たとえば、コロナ禍では「リアル店舗よりもオンラインを利用したい」というお客さまが当社のサイトを数多く訪れるようになりました。その傾向を「特需」と捉える考え方もあると思いますが、私たちは特需だとは考えていません。データを見る限りでは、特需では終わっていません。それまでの地道な取り組みが花開いて、多くの方の継続的な利用につながっています。
コロナ感染拡大で知ったZOZOの存在意義
小売業界では新規集客の獲得も大事ですが、既存顧客を維持するための「リテンション・マーケティング」施策も当然求められます。しかし今のZOZOTOWNは、まず訪問してもらえさえすれば気に入ってもらえる、私たちは十分にその準備ができていたのだと感じています。
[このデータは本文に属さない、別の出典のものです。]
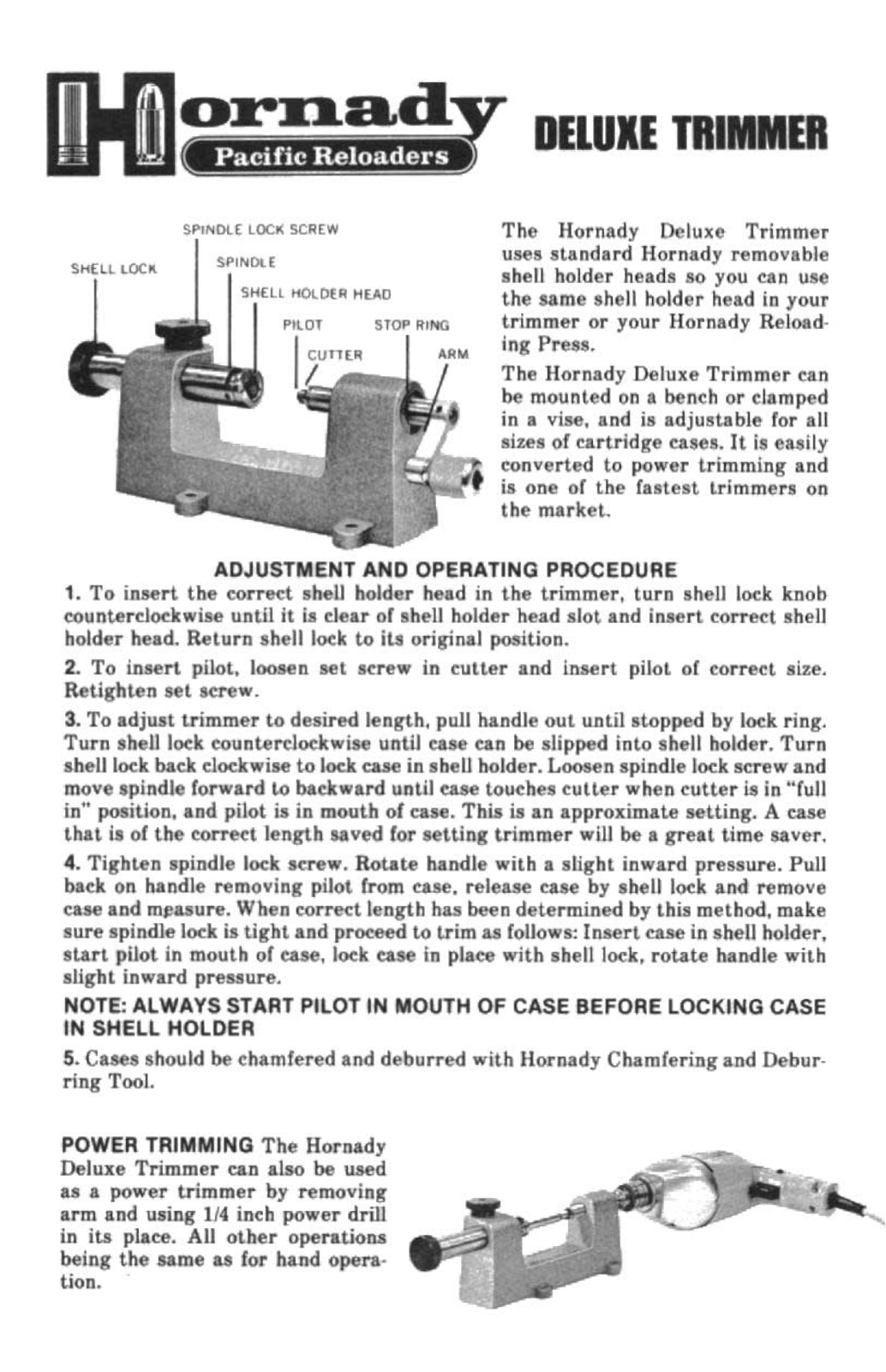 HORNADY Deluxe Trimmer User Manual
どちらにより多く投資をすべきかは迷う部分もありますが、「まずは私たちのサービスを知ってもらう、サイトを訪問してもらうことに集中する」という決断に至りました。今回の状況で考え方がシンプルになり、かじ取りをする上でやるべきことがすごく明確になったことが一番の収穫だと思います。
また、感染が拡大した当初は、リアル店舗休業によって多くのブランド企業の皆さまから「リアル店舗の在庫がさばききれないので、ぜひZOZOTOWNで売ってほしい」という要望がすごく寄せられました。
その時、「より多く顧客を集めて、自社の商品をたくさん売ってほしい」ということが、多くのブランドさまからの共通の要望だということに気づかされました。
そうしたブランドさまからの要望に応え続けるために、細かいことに振り回されず、私たちはとにかくファッション好きのお客さまを集めて、各ブランドさまからお預かりしている商品を購入してもらうことに集中するようにしました。その点で、やるべきことはすごくシンプルなものです。